Postcronspam

2018-11-30 - Progress - Tony Finch

This is a postmortem of an incident that caused a large amount of cronspam, but not an outage. However, the incident exposed a lot of latent problems that need addressing.

Description of the incident

I arrived at work late on Tuesday morning to find that the DHCP servers were sending cronspam every minute from monit. monit thought dhcpd was not working, although it was.

A few minutes before I arrived, a colleague had run our Ansible playbook to update the DHCP server configuration. This was the trigger for the cronspam.

Cause of the cronspam

We are using monit as a basic daemon supervisor for our critical services. The monit configuration doesn't have an "include" facility (or at least it didn't when we originally set it up) so we are using Ansible's "assemble" feature to concatenate configuration file fragments into a complete monit config.

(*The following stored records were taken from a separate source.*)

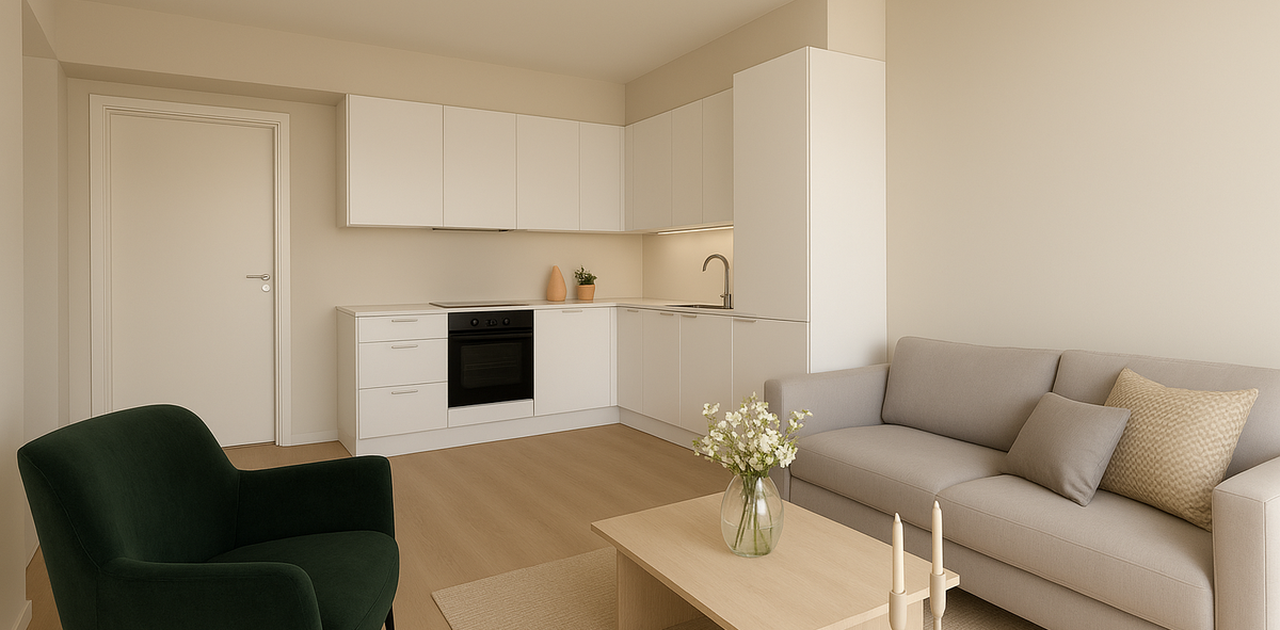 Åpen stue- og kjøkkenløsning med moderne materialvalg (Bildet er en illustrasjon, avvik vil forekomme)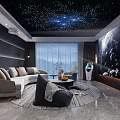 Modern Luxury Home Theater Interior With Starry Ceiling And Large Projection Screen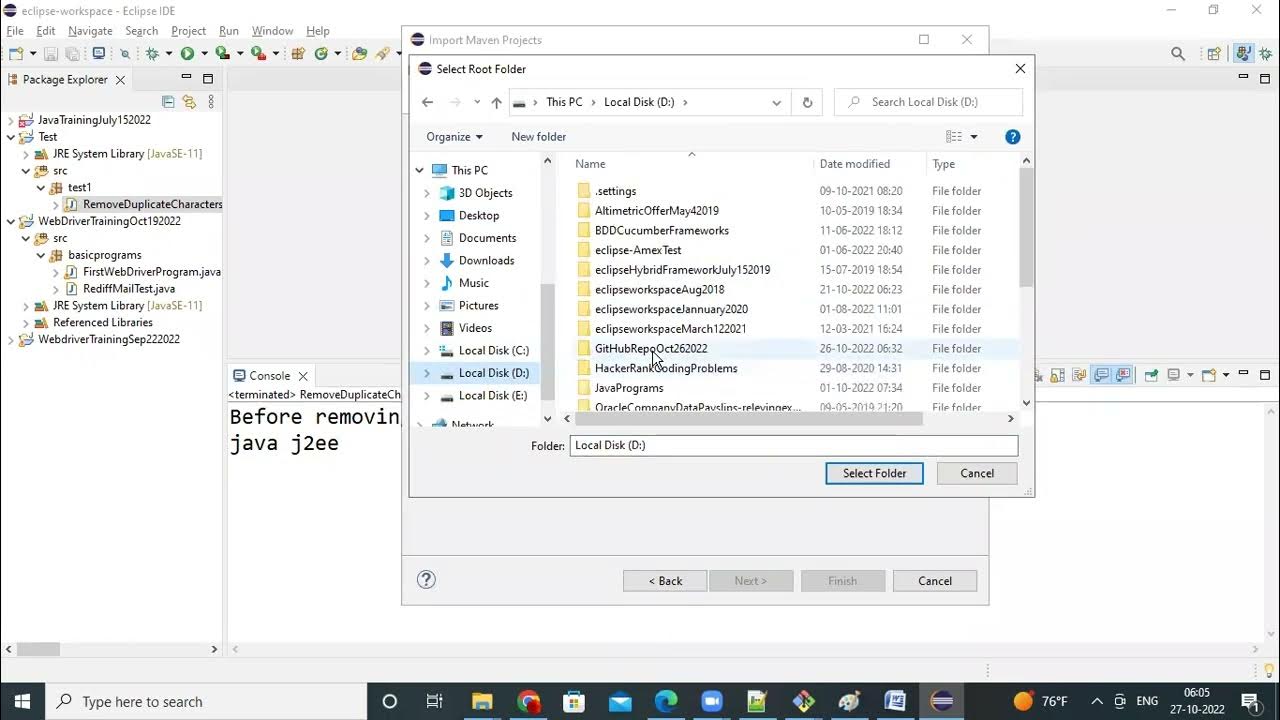 Selenium How To Import Maven Project Into Eclipse IDE GMT20221027 - YouTube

The problem was that our Ansible setup didn't have any explicit dependencies between installing monit config fragments and reassembling the complete config and restarting monit.

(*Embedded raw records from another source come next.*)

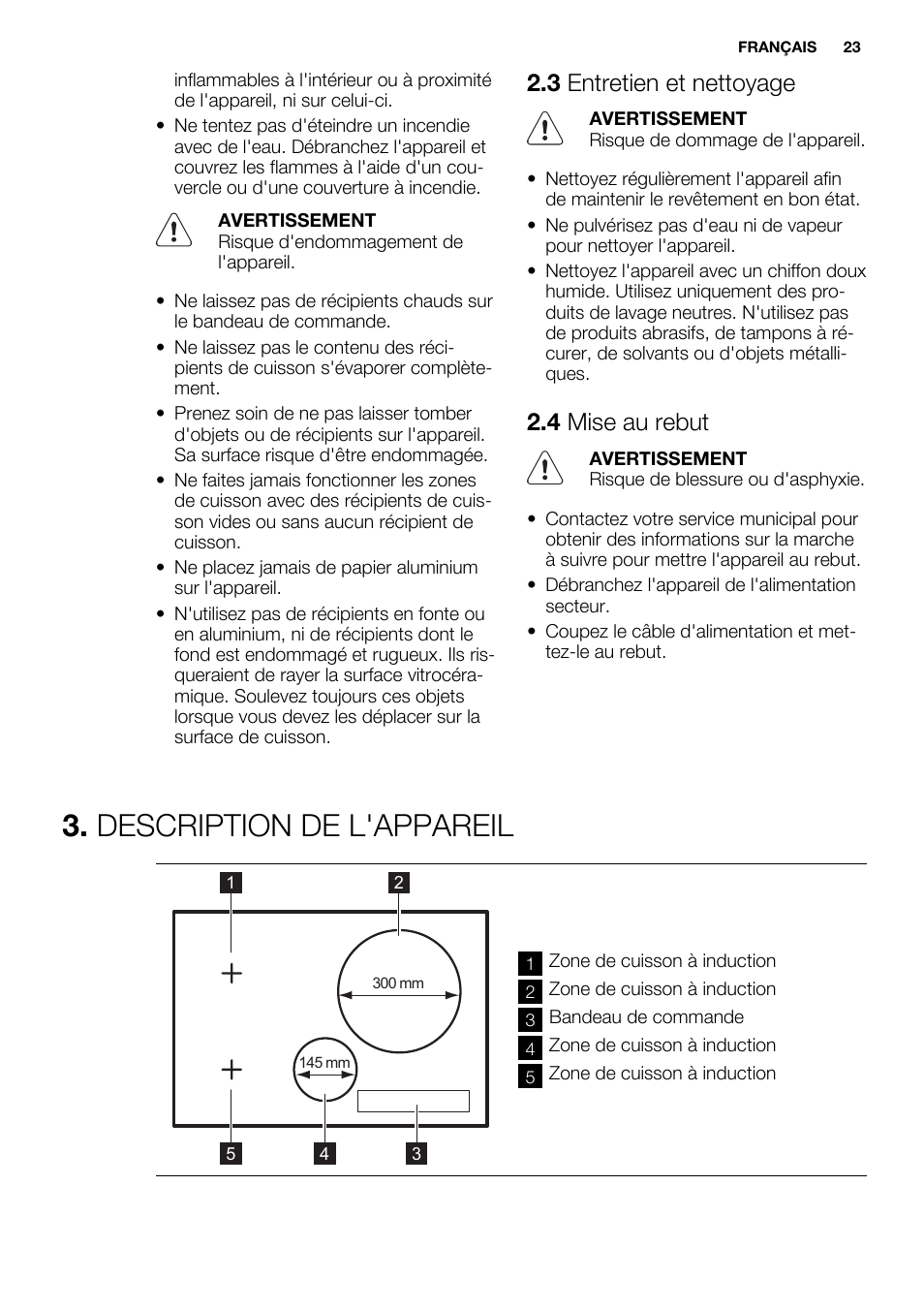 Description de l'appareil, 3 entretien et nettoyage, 4 mise au rebut | Electrolux EHI8742F9K User Manual | Page 23 / 76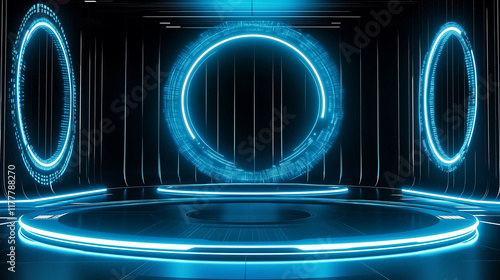 Futuristic sci fi stage with glowing neon circles illuminating dark background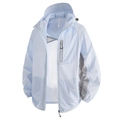 Hellblaue Sonnenschutzjacke UPF50+ mit grauen Mesh-Einsätzen und Reißverschlusstasche - S / Mondlichtblau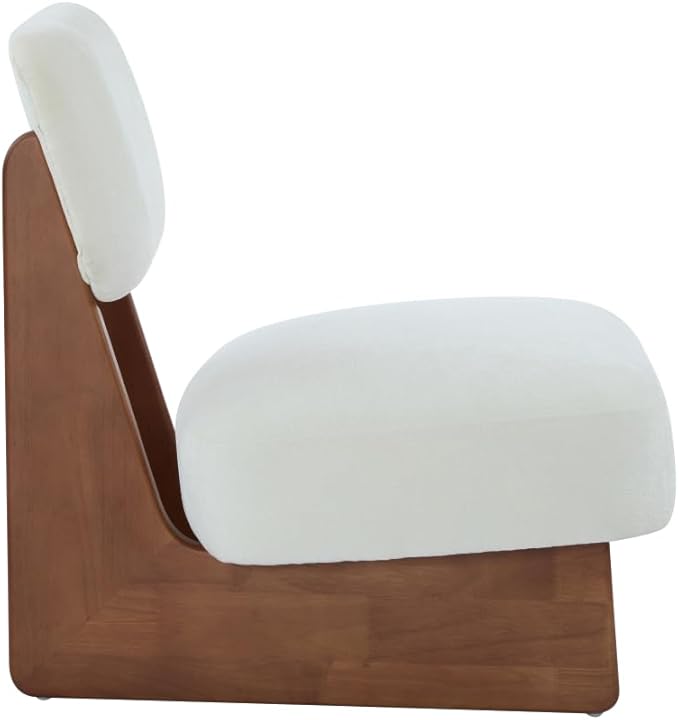 [Set of 2] Modern Beige Lounge Chair with Polyester Upholstery Sturdy Black Wood Base Stylish and Comfortable Accent Seating for Living Room (Walnut + White + Polyester + Solid Wood)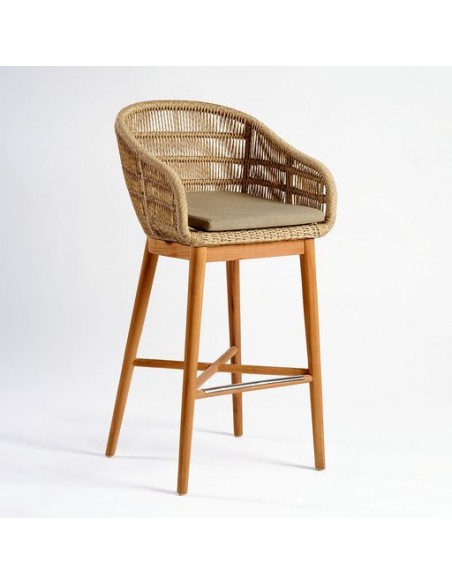 Taburete de cuerda sintética beige y teca Taburete de cuerda sintética beige y teca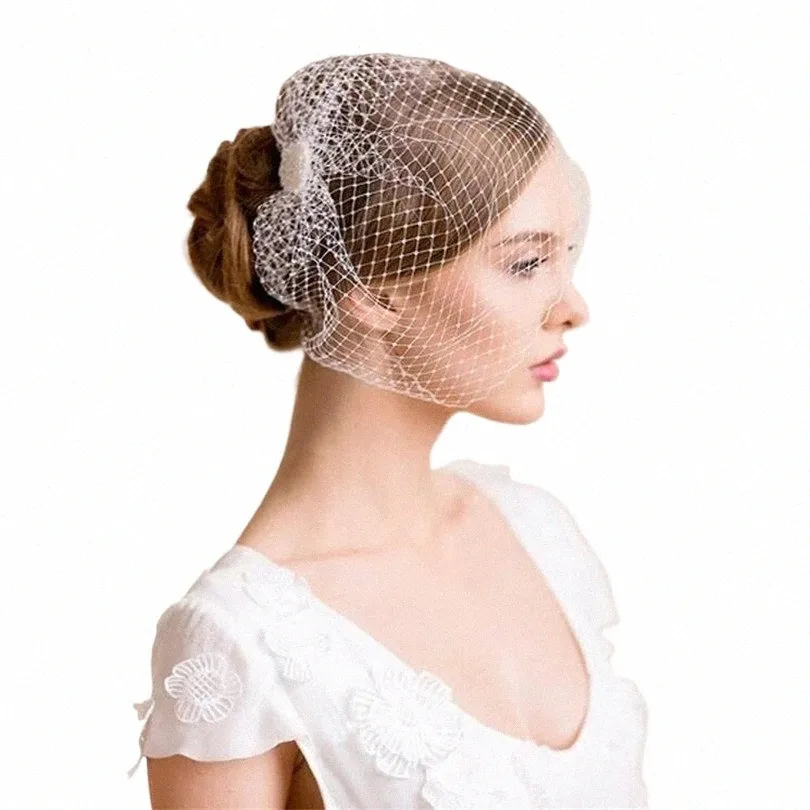 Bridal Birdcage Veil Wedding Party Head Dr Elegant Face Wedding Veil For Woman Blusher Veils Fascinators Hair Accesories 35Zr#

Running the complete playbook caused the monit config to be reassembled, so an incorrect but previously inactive config fragment was activated, causing the cronspam.

Origin of the problem

How was there an inactive monit config fragment on the DHCP servers?

The DHCP servers had an OS upgrade and reinstall in February. This was when the spammy broken monit config fragment was written.

What were the mistakes at that time?

  • The config fragment was not properly tested. A good monit config is normally silent, but in this case we didn't check that it sent cronspam when things are broken, whoch would have revealed that the config fragment was not actually installed properly.

  • The Ansible playbook was not verified to be properly idempotent. It should be possible to wipe a machine and reinstall it with one run of Ansible, and a second run should be all green. We didn't check the second run properly. Check mode isn't enough to verify idempotency of "assemble".

  • During routine config changes in the nine months since the servers were reinstalled, the usual practice was to run the DHCP-specific subset of the Ansible playbook (because that is much faster) so the bug was not revealed.

Deeper issues

There was a lot more anxiety than there should have been when debugging this problem, because at the time the Ansible playbooks were going through a lot of churn for upgrading and reinstalling other servers, and it wasn't clear whether or not this had caused some unexpected change.

This gets close to the heart of the matter:

  • It should always be safe to check out and run the Ansible playbook against the production systems, and expect that nothing will change.

There are other issues related to being a (nearly) solo developer, which makes it easier to get into bad habits. The DHCP server config has the most contributions from colleagues at the moment, so it is not really surprising that this is where we find out the consequences of the bad habits of soloists.

Resolutions

It turns out that monit and dhcpd do not really get along. The monit UDP health checker doesn't work with DHCP (which was the cause of the cronspam) and monit's process checker gets upset by dhcpd being restarted when it needs to be reconfigured.

The monit DHCP UDP checker has been disabled; the process checker needs review to see if it can be useful without sending cronspam on every reconfig.

There should be routine testing to ensure the Ansible playbooks committed to the git server run green, at least in check mode. Unfortunately it's risky to automate this because it requires root access to all the servers; at the moment root access is restricted to admins in person.

We should be in the habit of running the complete playbook on all the servers (e.g. before pushing to the git server), to detect any differences between check mode and normal (active) mode. This is necessary for Ansible tasks that are skipped in check mode.

Future work

This incident also highlights longstanding problems with our low bus protection factor and lack of automated testing. The resolutions listed above will make some small steps to improve these weaknesses.